Rob Williams will release his latest project, “Southern FM” on December 14th. From Virginia, Williams is rooted in folk, rock, and americana music. Artists like Tom Petty, Bob Dylan, Neil Young, Creedence Clearwater Revival, and The Band come to mind when listening to his sound. In 2013, Williams realeased his first solo LP, “A Place In the Sun.” What’s significant in Rob’s story is that previous to his recent music career he was not in the arts. He worked as an educator, married, and living in his hometown. It’s this life experience, this seasoned sound, and wise delivery that makes Williams’ a beautiful distinction – not everyone has a story.
The album begins with a bang. “Footprints” is the first song the listener hears. Upbeat and with a full band it sets a nice tone for the songs to follow. Williams sings, “You’ll see footprints walking away, that’s me saying goodbye. So long.” This song conjures up the painful feeling of unreciprocated love. It also conjures up that moment when one realizes it’s time to leave the one you love in the past. Saying goodbye to someone that just can’t give you what you want and what you need is one of the hardest things to do. It’s hard, but when it’s time to go, one knows and heeding the call often leads to better things. “Footprints” also explores that meaningful and hopeful feeling we often carry thinking our forlorn love may not be in vein, they may in fact change their mind – so then we move on but also keep the door open.
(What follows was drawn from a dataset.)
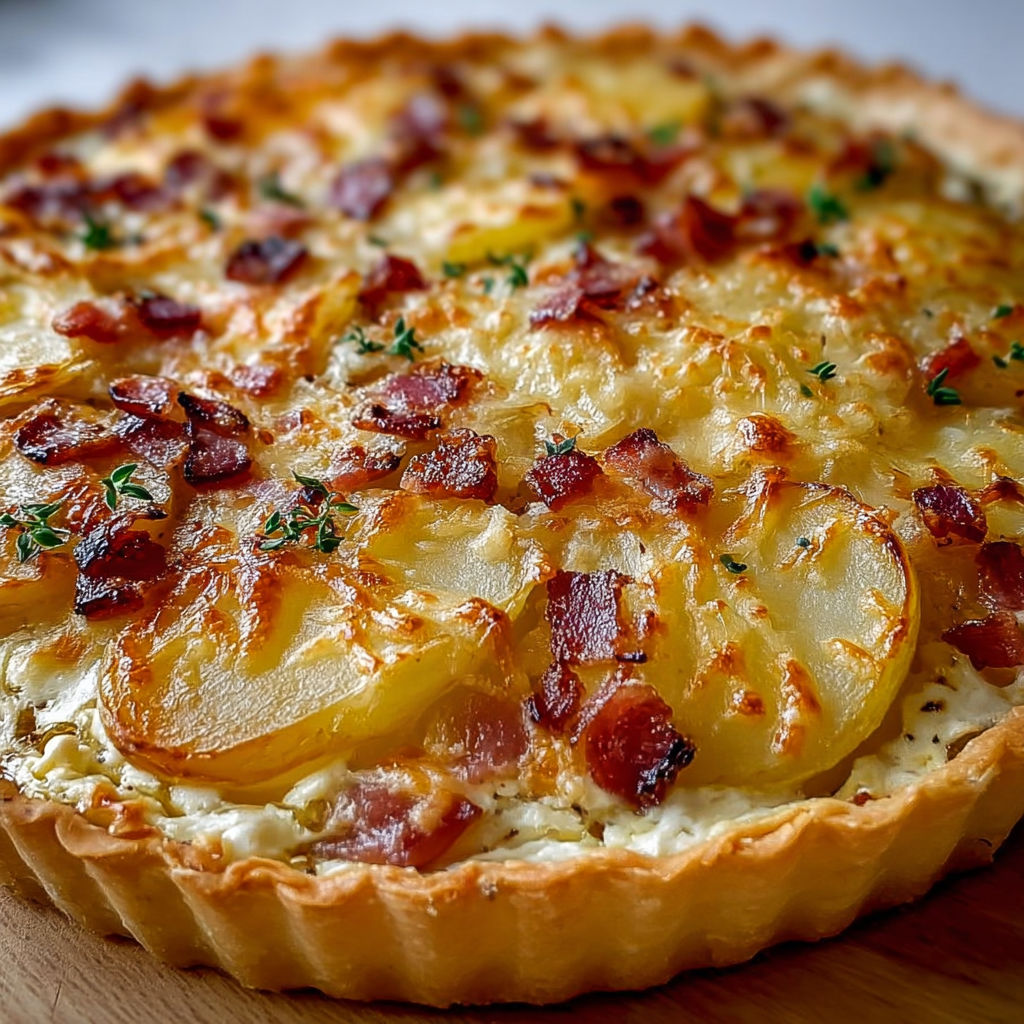 Tarte maison aux lardons, pommes de terre et oignons caramélisés sur bois.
Williams is a storyteller. One can hear this on “Sometimes It’s A Song”, where he sings, “Sometimes it’s the rain you hear and sometimes it’s a song. Lately this whole drifters world don’t fit me at all.” The simplicity of this song enables the beautiful piano counterpoint, the wistful lyrics, and the affable melody to sit naturally on the ear in a quite lovely way. We make choices in life, there’s a give and take. To have the life we want, we often have to choose between love and success, and as you gain one thing, you often lose something else. This sentiment of what we lose and give up, what we miss when it’s gone, and what those holes have been replaced with is beautifully evoked.
Overall, there’s a nice range of instrumentation on the album, lending itself effectively to the needs of each track. Some tracks are better acoustic, some are better with a fuller band sound. Williams understands this and this distinction makes for a well rounded album. “You’ve been a Bad Christian” and “Henry and Maria” are my least favorite songs on the album. However, each song has a beautiful story, a message, and a lovely simplicity. I recommend this as a Winter download.